Drive predictable B2B revenue growth with insights from big data and CDPs, as seen on TechCrunch

As the world reopens and revenue teams are unleashed to meet growth targets, many B2B sellers and marketers are wondering how they can best prioritize prospect accounts. Everyone ultimately wants to achieve predictable revenue growth, but in uncertain times — and with shrinking budgets — it can feel like a pipe dream.

Slimmer budgets likely mean you’ll need more accurate targeting and higher win rates. The good news is your revenue team is likely already gathering tons of prospect data to help you improve account targeting, so it’s time to put that data to work with artificial intelligence. Using big data and four essential AI-based models, you can understand what your prospects want and successfully predict revenue opportunities.

Big data and CDPs are first steps to capturing account insights

Capturing and processing big data is essential in order to know everything about prospects and best position your solution. Accurately targeting your campaigns and buyer journeys necessitates more data than ever before.

Marketers today rely on customer data platforms (CDPs) to handle this slew of information from disparate sources. CDPs let us mash together and clean up data to get a single source of normalized data. We can then use AI to extract meaningful insights and trends to drive revenue planning.

That single source of truth also lets marketers dive into the ocean of accounts and segment them by similar attributes. You can break them down into industry, location, buying stage, intent, engagement — any combination of factors. When it’s time to introduce prospects to your cadence, you’ll have segment-specific insights to guide your campaigns.

AI realizes data-based insights

You might find that your data ocean is much deeper than you expected. While transforming all that data into a single source to drive actionable insights, you’ll also need the right resources and solutions to convert raw data into highly targeted prospect outreach.

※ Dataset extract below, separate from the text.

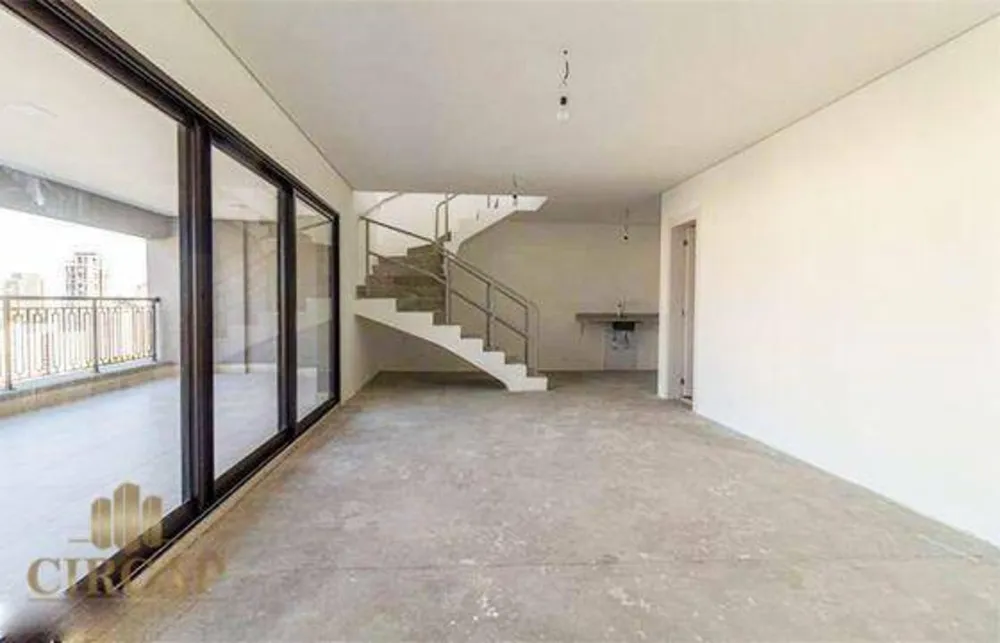 Cobertura, 3 quartos, 312 m² - Foto 1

This is where AI shines. AI and machine learning enable revenue teams to analyze data for historical and behavioral patterns, pluck out the most relevant intent data, and predict what will move prospects through the buyer journey.

Your CDP feeds your AI, and AIs love a big data feast: The more data you give it, the more accurate the predictions will be. As you gather data, it’s important to keep your CDP tidy — merging, cleansing and de-duplicating data deliver the freshest information to your AI for the best predictions.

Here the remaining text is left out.